A Regular Expression Matcher in 30 lines of C

gjm11 · on July 3, 2011

It's very nice pattern-matching code, but it isn't a regular expression matcher. The class of patterns it's able to match is much smaller than the class of all regular expressions -- not because of missing "sugar" (character classes, +, non-greedy wildcards, ...) but because it doesn't support groups or the | operator.

As a result, the language supported by this matcher has, e.g., no way to match the pattern (ab)* or the pattern a|b. It's much, much less powerful than an actual regular expression matcher would be, and much of what makes it possible to do it in 30 lines of C is that loss of power.

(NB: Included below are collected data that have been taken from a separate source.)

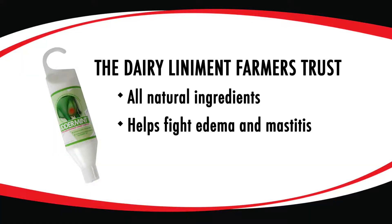Utter Mint is an all-natural udder liniment that helps fight edema or swelling, as well as mastitis in your cows, especially during these hot summer months.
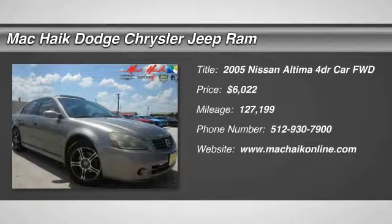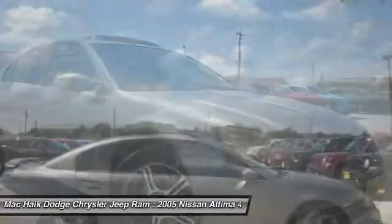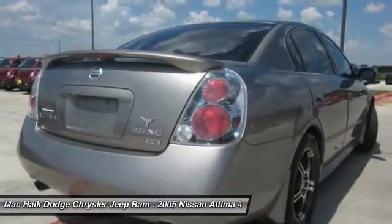The 2005 Altima. The Nissan Altima offers advanced features to make life easier, including push button ignition, which comes standard. Combine that with a powerful V6 or efficient four-cylinder engine.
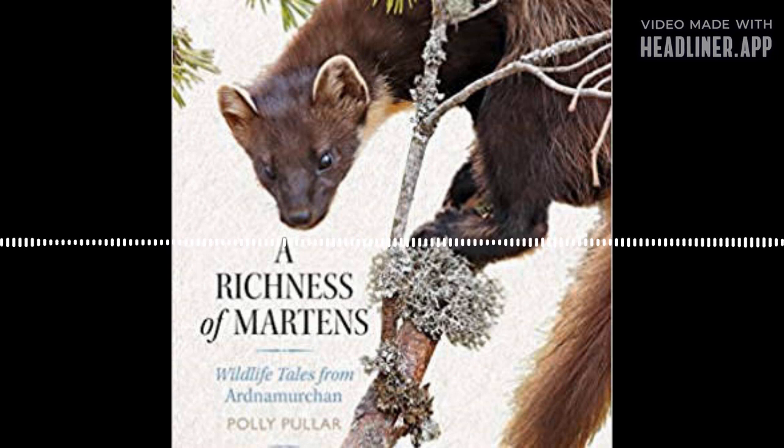Hello and welcome to the Bearded Tits podcast. I'm your host Jack Perks and today I'm going to be talking to Polly Puller. Polly is a nature photographer, writer, and wildlife rehabilitator.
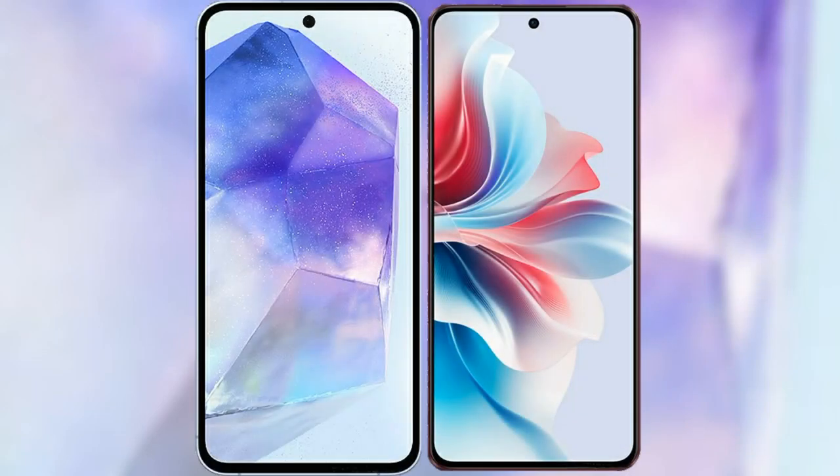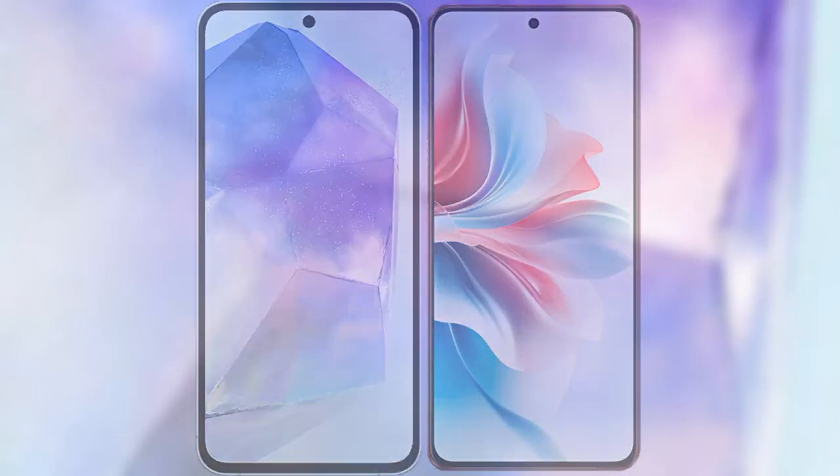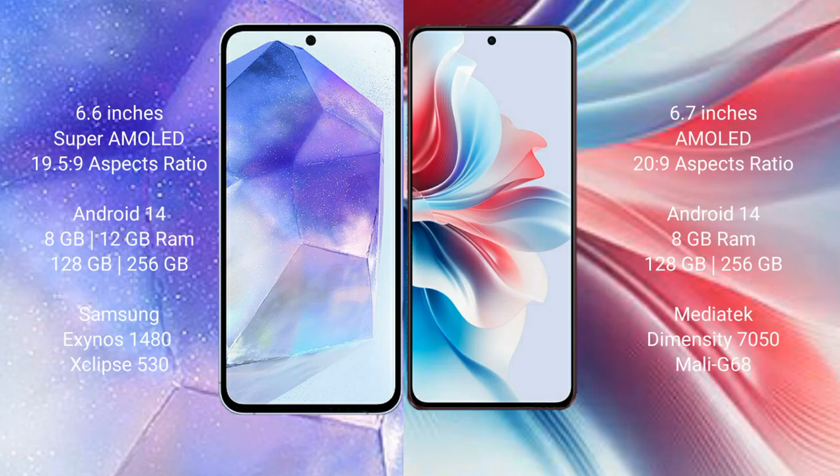I will compare the new Samsung Galaxy A55 with the Oppo F25 Pro. The Samsung Galaxy A55 comes with a 6.6-inch Super AMOLED display and a 16:9 aspect ratio. The Oppo F25 Pro comes with a 6.7-inch AMOLED display and a 20:9 aspect ratio.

(I've written extremely similar code before: this level of functionality -- basically, glob or DOS wildcards -- is pretty useful. I'm not Rob Pike, and my code for similar functionality would probably be longer than his. But my code, or even Rob Pike's code, for even the simplest thing that could honestly be called a regular expression matcher, would be longer than this by a bigger factor.)

chanux · on July 3, 2011

I see the OP has discovered [http://www.hnsearch.com/search#request/submissions&q=cod...] r/tinycode which was posted on HN few days back [http://news.ycombinator.com/item?id=2717279].

antirez · on July 3, 2011

I wrote a similar glob-style string matching, but it's far more than 30 lines (130 lines of C):

https://github.com/antirez/redis/blob/unstable/src/util.c#L1...

I use it in Redis, but in general being "glob matching" more standard compared to a regexp subset people are more likely to know the syntax.

ihodes · on July 3, 2011

That was a superb read. Given the author(s) (who I noticed only after reading), I suppose that's to be expected. I'd like to see a similarly elegant version that translates the RE to a DFA–if anyone has any suggestions, I'd be quite happy!

slug · on July 3, 2011

This an excerpt of the excellent book http://oreilly.com/catalog/9780596510046

perlgeek · on July 3, 2011

Yes, matching regular expressions is easy, if you don't care about speed or features. Like, being able to match a literal dot or asterisk. Or char classes, or getting case insensitivity right (like the German ß that matches SS, so case folding needs not to preserve string length).

Still nice to see that it can be done in so few lines.

shangaslammi · on July 3, 2011

Here's my attempt at implementing the same functionality in Haskell: https://gist.github.com/1062472

I tried to make it short, but still somewhat readable, so it's not completely "golfed".

sheffield · on July 3, 2011

"In 1967, Ken [Thompson] applied for a patent ..."

Wow, he pioneered that, too...

swah · on July 3, 2011

That code is dense.